Secretary of the Louisiana Department of Veterans Affairs
- In office June 2014 – October 2015
- Governor: Bobby Jindal
- Preceded by: Rodney Alexander
- Succeeded by: Joey Strickland
- Acting January 2, 2013 – September 2013
- Governor: Bobby Jindal
- Preceded by: Lane Carson
- Succeeded by: Rodney Alexander

Personal details
- Born: David Alan LaCerte November 6, 1979 (age 46) Louisiana, U.S.
- Party: Republican
- Education: Nicholls State University; Paul M. Hebert Law Center;
- Occupation: Lawyer

Military service
- Branch/service: United States Marine Corps
- Unit: 1st Battalion, 1st Marines
- Battles/wars: War in Afghanistan

= David LaCerte =

American lawyer and government official (born 1979)

David Alan LaCerte (born November 6, 1979) is currently a member of the Federal Energy Regulatory Commission. He was previously the White House Liaison and Senior Advisor to the Director for U.S. Office of Personnel Management (OPM). LaCerte previously served as an appointee of President Donald Trump as a senior advisor at OPM from 2020-2021.

Prior to LaCerte's second stint at OPM, he served as Special Counsel at Baker Botts.

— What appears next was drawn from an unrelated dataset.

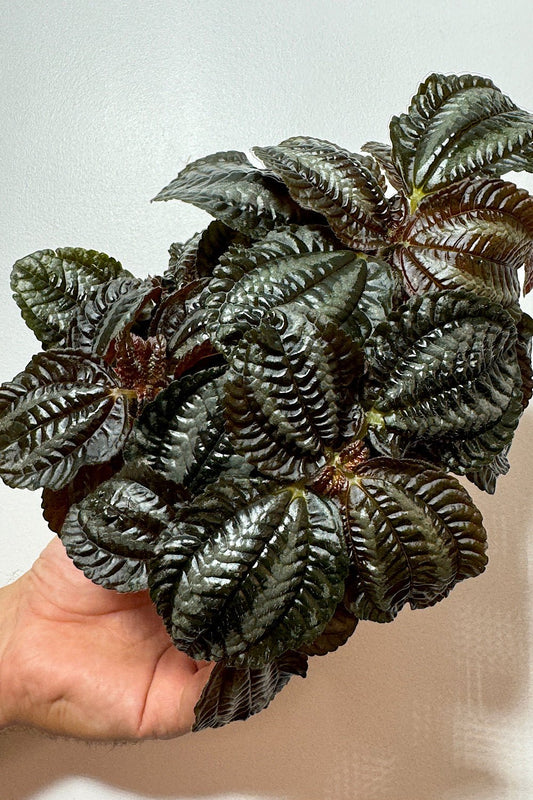 Pilea Norfolk - www.augi-plants.lv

In January 2021, he was appointed as a Senior Advisor and Executive Counsel at the U.S. Chemical Safety and Hazard Investigation Board and served as Acting Managing Director.

LaCerte was the Secretary of the Louisiana Department of Veterans Affairs (LDVA) in the administration of Governor Bobby Jindal. He had been the Interim Secretary from January 2013 to September 2013.

On July 17, 2025, he was nominated by President Donald Trump to FERC for a term that ends June 30, 2026. He was confirmed en bloc on a party-line vote in October, 2025.

==Military career==
LaCerte served in the United States Marine Corps Infantry at 1st Battalion 1st Marines (1/1). Shortly after the September 11 attacks in 2001, he was deployed to Afghanistan under the command of General James Mattis. LaCerte led over 100 combat patrols and missions in Afghanistan and Pakistan and served on interrogation teams for high value Al Qaeda targets.

== Louisiana Department of Veterans Affairs ==
LaCerte is a graduate of Nicholls State University and Paul M. Hebert Law Center. He joined the LDVA in 2010 as Deputy Secretary and Executive Counsel under Secretary Lane Carson. Following the retirement of Carson, LaCerte served as the Interim Secretary of LDVA until the appointment of former US Representative Rodney Alexander in September 2013. LaCerte was appointed by Governor Bobby Jindal as Secretary after Alexander resigned on June 3, 2014.

Under the leadership of Secretary LaCerte, LDVA experienced a historic period of financial reforms, becoming the first state to transition completely from state appropriations in the Veteran Homes program, expanding Parish Service Offices to every parish in the state and doubling Louisiana's VA Disability Payments to over $1 billion, and building three additional state veterans' cemeteries at Fort Polk, Slidell, and Rayville.

LaCerte was the first chairman of the Louisiana Military Advisory Council, tasked with reinforcing the state's military footprint in the face of potentially devastating cuts of thousands of soldiers and family members at Fort Polk. Due to the efforts of the LMAC and LaCerte as chairman, Fort Polk escaped major cuts which would have been catastrophic to the local and state economies.

LDVA also sponsored and passed legislation in many areas, including benefits reform, military spouse occupational license reciprocity, and some of the early Veterans Treatment Courts in the nation.

LaCerte resigned in October 2015 amid two investigations into his office, prompted by a report, released in August 2015, that turned up concerns about conditions and lack of oversight at nursing homes for veterans. The investigations by the Louisiana legislative auditor and the State Inspector General's Office found possible misspending of funds and failure to report alleged violence against a veteran.

LaCerte famously called the report "garbage" and sued the state, the legislative auditor, and the Inspector General for defamation.

== Office of Personnel Management ==
In June 2020, LaCerte left the private practice of law as a partner at the Louisiana law firm of Sternberg Naccari and White and was appointed by the White House as a senior advisor at the Office of Personnel Management where he served in policy and as a special counsel in the administration of the President.